La ironía borgeana apunta, sobre todo, hacia las novelas: ¿hay posibilidades de que cada una no sea una máquina apenas remozada que repite siempre la misma novela? Morelli podría acordar con esa sentencia; en definitiva, también él reflexiona sobre una novela que va restándole posibilidades de escribirla, y se inclina igual que Borges por lo antinovelístico. Cortázar, en cambio, sería más renuente a aceptar una coincidencia. No sólo porque –a diferencia de Borges– no encontraría ningún reparo en la laboriosa tarea de escribir más de 500 páginas de una novela, sino porque confía más que Morelli en que lo novelesco se imponga a lo novelístico en Rayuela, es decir cuenta con la ironía irreverente más que con el sacrificio.
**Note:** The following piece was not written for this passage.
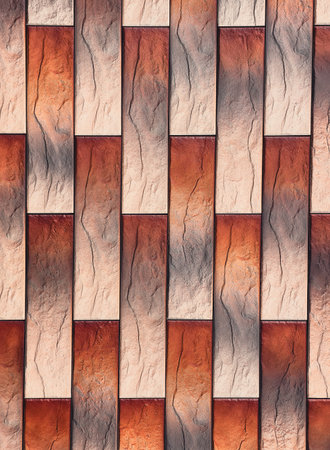 Vertical Stone Brick Pattern Texture Terracotta Orange Beige Natural Wall Background Abstract...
En esa diferencia quizá resida un motivo para atenuar la tendencia a reconocer en Morelli un alter ego completo de Cortázar. De lo que no hay dudas es que Morelli y Pierre Menard son opuestos: uno puede escribir su novela porque está convencido de que debe repetir otra, y el otro está imposibilitado de escribir la suya porque no acepta repetir ninguna. Sin embargo, como suele ocurrir, los opuestos perfectos terminan por reconocer sus afinidades: Morelli, al final de cuentas, escribe su novela dentro de la novela de otro. Y en ese caso, por qué no, Cortázar terminaría remedando a Pierre Menard, con la diferencia de que tiene como modelo a Morelli y no a Cervantes.

Existen obstáculos posibles para pensar esa lectura, pero podrían atenuarse tratándose de una novela como Rayuela que coloca en el centro de su construcción lo que pueden hacer los lectores. ¿El Quijote y Rayuela? Sobre su libro inconcluso, Morelli dejó una página en la que sólo escribió una frase que se repite en la superficie completa del papel, como un muro: “En el fondo sabía que no se puede ir más allá porque no lo hay”. Es muy posible que Cortázar se reconociera en ese límite, en cambio los lectores que han atravesado su Rayuela ya no tienen dudas –y a tal punto que ignoran que la hayan tenido alguna vez– de que ahí donde no hay nada es cuando comienza el recuerdo de que queda todo por inventar.